We jumped up, yelled, hugged and cried as we stared at the word, "pregnant" on the stick. It was 11:30 at night but we couldn't wait to tell our family. We lived in the same neighborhood as my sister and brother-in-law so we drove down to their house and banged on the sliding glass door that led to their bedroom. My sister showed up with a stick in her hand ready to beat up anyone who dared mess with her family. (This says more about her personality than just about anything I can tell you.)  When she realized it was us, she pulled us into the house and cried along with us. My brother-in-law popped a bottle of sparkling grape juice and we toasted to our unborn child.

The pregnancy was fairly easy although the first three months were plagued with nausea. I remember my mom always telling me that when she would throw up with me she would thank God that she was carrying me. She always took it as a sign that it was a healthy pregnancy. It always sounded so beautiful in the story but as I puked on the side of highway in my high heels I failed to see the beauty. I tried ginger tea, wristbands (which are still in his memory box) and anything else a well meaning friend would recommend.

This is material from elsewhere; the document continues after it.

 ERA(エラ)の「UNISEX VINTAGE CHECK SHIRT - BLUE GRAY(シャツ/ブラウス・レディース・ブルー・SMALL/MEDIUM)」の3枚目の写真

But I just kept right on throwing up. Until one day, it stopped. Just like everyone said it would.


The first time I felt him move, I froze to make sure it was real.   It felt like a goldfish was in my belly swimming around and I drew a picture of a fish in my pregnancy journal so I would always remember the moment that I knew he was safe and growing.  The responsibility of carrying this child filled me with such a fierce feeling of protectiveness.  That feeling has never left me.


 My water broke at 40 weeks and 2 days and 14 hours later I gave birth to one of the most magical human beings ever to live (except for your children, of course). He was only 5 pounds 12 ounces. And he was perfect.  He was crying as they cleaned him off and I said, "It's alright, baby. Mommy's here." He looked my direction and stopped crying completely. He waited calmly as long as he could hear my voice. In those first few moments, I realized the power of our voices as mothers.


It is something that, no matter their age, can calm them. Our voices give them strength, courage, guidance, hope, determination and love. Our voices help to shape them as human beings, parents, spouses and members of their community.

How can you use your voice today to do the very best for your child?  What were the very first moments of motherhood like for you?